Most students expressed bewilderment because of the letter sent by administration on Sept. 29 that lauds La Salle for taking “considerable pride in our athletic programs” and recognizes “the passion and energy that stem from cheering on the Blue and Gold” and that “our student-athletes are well-rounded representatives of our community . . . embodiments of our nearly 160-year-old mission to transform lives through a commitment to social justice and high-impact education,” yet further states that “this action will provide a better overall experience for La Salle's remaining student-athletes and create a more sustainable environment for the University's athletics department.”
“How can this be better in any way?” said a La Salle underclassman athlete who preferred anonymity. “Think about it. It’s heartless to say that this is ‘good’ for the community. What does that teach us? That when the going gets tough, you just throw someone out on the street? How is that part of the mission?
“I don’t think the school really thought it through and hopefully will recognize that there are avenues available other than just dropping baseball as well as the other sports. That’s not the ‘La Salle way,’ or at least I didn’t think it was.”
Numerous baseball players matriculate as majors in La Salle’s prestigious School of Business and are desirous of employing some of the financial strategies they learned under the tutelage of professors and administrators.

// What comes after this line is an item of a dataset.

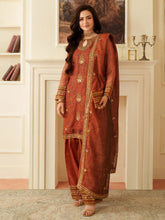 Opal Edit by Mohagni Khadi Net 3pc Suit with Farshi Shalwar & Bag FMC8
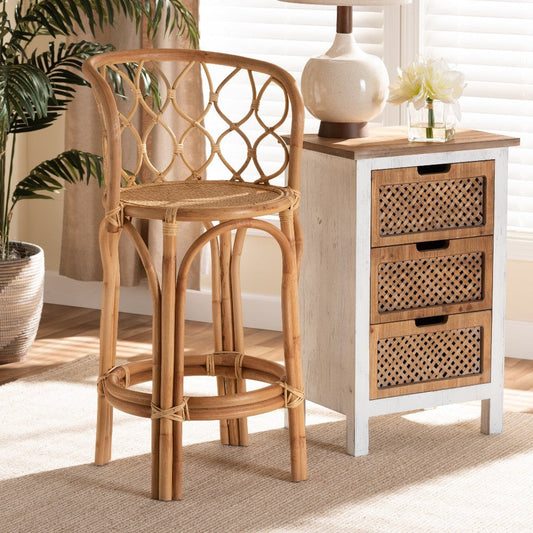 bali & pari Diana Modern and Contemporary Natural Finished Rattan Counter Stool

How, they wonder, can they discover a plan that would transform hopeless gloom into realistic sustainability?
“My biggest point was that the kids from the baseball team that would be torn away from this university are going to be the kids that go out and make money because they’re getting the education from one of the best wings of the school,” said aforementioned Tommy Toal, who is a senior academically but has junior athletic eligibility. “So it’s really important. We all want to stick around. We all want to get that La Salle business degree, and we all want to go make money and contribute back to the school that we love.”
Alumni also felt the sting of losing a measure of their identity.
“It was definitely shocking,” said 2016 La Salle graduate and former baseball player James Santore, who helped organize the awareness effort. “The thing I compare it to is like a death in the family. It felt like a piece of me was taken away.”
Despite the disappointment, Santore believes his alma mater can still make amends.
“To the school, we want them to know that we are not mad at them,” said Santore. “We’re not anything besides wanting to work with them. Everything that has helped out with this is something I learned in the business school.
“In high school, I was very introverted. I wasn’t that person who could go and talk to people. I went to La Salle and was able to break out of my shell and be able to do this type of stuff to really make a difference. To see not only myself but also my friends and teammates be able to step up using all the stuff we learned – using our relationships and our passion to be able to make a difference now – is the best thing in the world. We’re just trying to make this happen and reach our goal to save this program.”